**Study material**
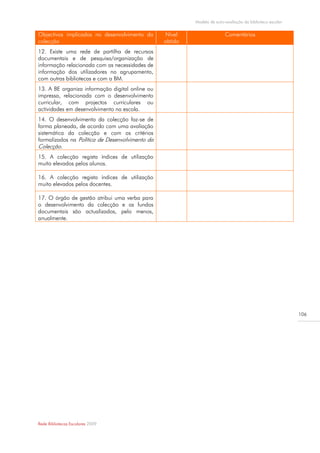 Modelo de auto-avaliação da biblioteca escolar


Objectivos implicados no desenvolvimento da      Nível                   Comentários
colecção                                         obtido
12. Existe uma rede de partilha de recursos
documentais e de pesquisa/organização de
informação relacionada com as necessidades de
informação dos utilizadores no agrupamento,
com outras bibliotecas e com a BM.
13. A BE organiza informação digital online ou
impressa, relacionada com o desenvolvimento
curricular, com projectos curriculares ou
actividades em desenvolvimento na escola.
14. O desenvolvimento da colecção faz-se de
forma planeada, de acordo com uma avaliação
sistemática da colecção e com os critérios
formalizados na Política de Desenvolvimento da
Colecção.
15. A colecção regista índices de utilização
muito elevados pelos alunos.

16. A colecção regista índices de utilização
muito elevados pelos docentes.

17. O órgão de gestão atribui uma verba para
o desenvolvimento da colecção e os fundos
documentais são actualizados, pelo menos,
anualmente.




                                                                                                           106




Rede Bibliotecas Escolares 2009
 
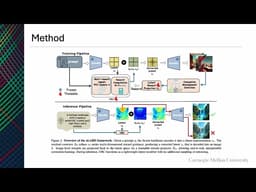 Self-Corrected Image Generation with Explainable Latent Rewards (CVPR 2026)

**Problem requirements**
Output the entries above verbatim. Omit the images.

**Output**
 Modelo de auto-avaliação da biblioteca escolar


Objectivos implicados no desenvolvimento da      Nível                   Comentários
colecção                                         obtido
12. Existe uma rede de partilha de recursos
documentais e de pesquisa/organização de
informação relacionada com as necessidades de
informação dos utilizadores no agrupamento,
com outras bibliotecas e com a BM.
13. A BE organiza informação digital online ou
impressa, relacionada com o desenvolvimento
curricular, com projectos curriculares ou
actividades em desenvolvimento na escola.
14. O desenvolvimento da colecção faz-se de
forma planeada, de acordo com uma avaliação
sistemática da colecção e com os critérios
formalizados na Política de Desenvolvimento da
Colecção.
15. A colecção regista índices de utilização
muito elevados pelos alunos.

16. A colecção regista índices de utilização
muito elevados pelos docentes.

17. O órgão de gestão atribui uma verba para
o desenvolvimento da colecção e os fundos
documentais são actualizados, pelo menos,
anualmente.




                                                                                                           106




Rede Bibliotecas Escolares 2009
 
 Self-Corrected Image Generation with Explainable Latent Rewards (CVPR 2026)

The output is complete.